There are several schemes that utilize SVC as a public evaluation platform and based on open- 
source program. They are, SVEF (Scalable Video coding Evaluation Framework) [11], EvalSVC (Evaluation 
of SVC) [12], and myEvalSVC [13]. In [11], the proposed SVEF schemes and tools are built on open-source 
basis. SVEF is a mixed online/offline open-source framework devised to evaluate the performance of H.264 
SVC video streaming. SVEF is written in C and Python and also will be released under the GNU General 
Public License. SVEF has been able to evaluate basic SVC. However, it is still incomplete and inadequate in 
analyzing complete SVC. In addition, SVEF construction may not easy since it requires specialized skills. 
EvalSVC method and scheme proposed in [12] are publicly available and free. However, EvalSVC does not 
clearly indicate how to handle missing or corrupted packets. It is then updated and extended in [13] with 
myEvalSVC which is capable to run H.264 AVC and SVC in general. Nevertheless, this scheme has not been 
explored and developed to the maximum so that the package has not been able to evaluate the CSVC. To 
overcome those limitations, we propose a new scheme in this paper. The scheme provides a tool-set to 
evaluate and analyze CSVC in a wireless broadband network on an end-to-end system. 
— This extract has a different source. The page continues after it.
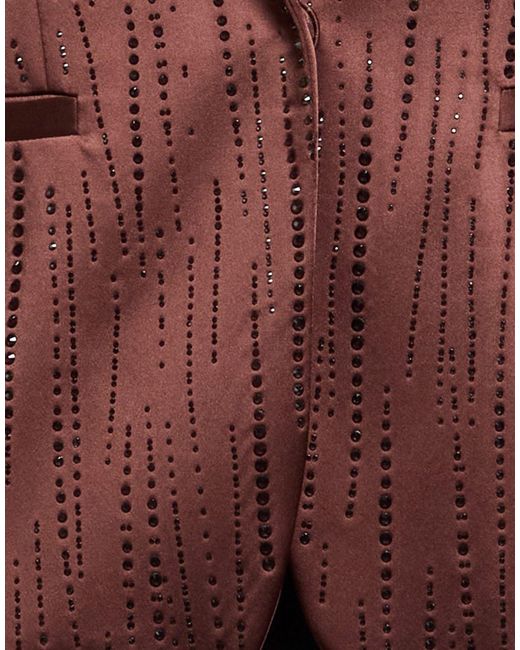 Dondup Brown Blazer Polyester, Elastane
This scheme is developed and distributed on an open-source platform to enable researcher and 
developer to use, analyze, and enrich it according to their requirements and needs [14]. To obtain the 
comprehensive analysis, the combination of scalable method is needed. However, to the best of our 
knowledge, there is no research on evaluation SVC using the combination of scalable method, which is a key 
in evaluation the quality of video transmission over broadband network. In this research, we compare the 
MGS and CGS, which is an extension of our previous [15], [16]. 

The scheme of framework can evaluate performance of average Peak Signal-to- Noise Ratio 
(PSNR), coding efficiency, performance of metrics systems as end-to-end delay, and queuing delay of the 
packets in the network. Furthermore, the scheme is simpler than other schemes in prior work which used to 
evaluate of video transmission over wireless broadband network (it will be explained in more detail in the 
next section of this paper). The proposed scheme is a promising approach for evaluating video transmission 
over wireless broadband services in the future. We believe that this new scheme will facilitate and simplify 
the evaluation and exploitation of video packets over wireless broadband network which is expected to 
improve research in this field. 

The rest of the paper is organized as follows: Section 2 presents the CSVC evaluation framework, 
CSVC method, MGS and CGS modes, and Network Simulator over wireless broadband network. In 
Section 3, we describe the experimental results and discussion, and finally we present conclusion and future 
work. 


2. THE COMBINED SCALABLE VIDEO CODING (CSVC) EVALUATION FRAMEWORK 
2.1. Combined scalable video coding (CSVC) 

SVC is a part of H.264/MPEG-4 part 10 AVC (Advanced Video Coding), or H.264/AVC [1]-[3]. 
H.262 and MPEG-2, followed by H.263+ and MPEG-4. Since January 2005, MPEG and VCEG have been 
joined together in JVT to carry out completion of the H.264/AVC amendment as an official standard [2]. 
Until now, H.264/AVC standard is still in amendment, and it is a cooperative work of many parties to 
establish Multiview Video Coding and High Efficiency Video Coding (HEVC) or H.265. 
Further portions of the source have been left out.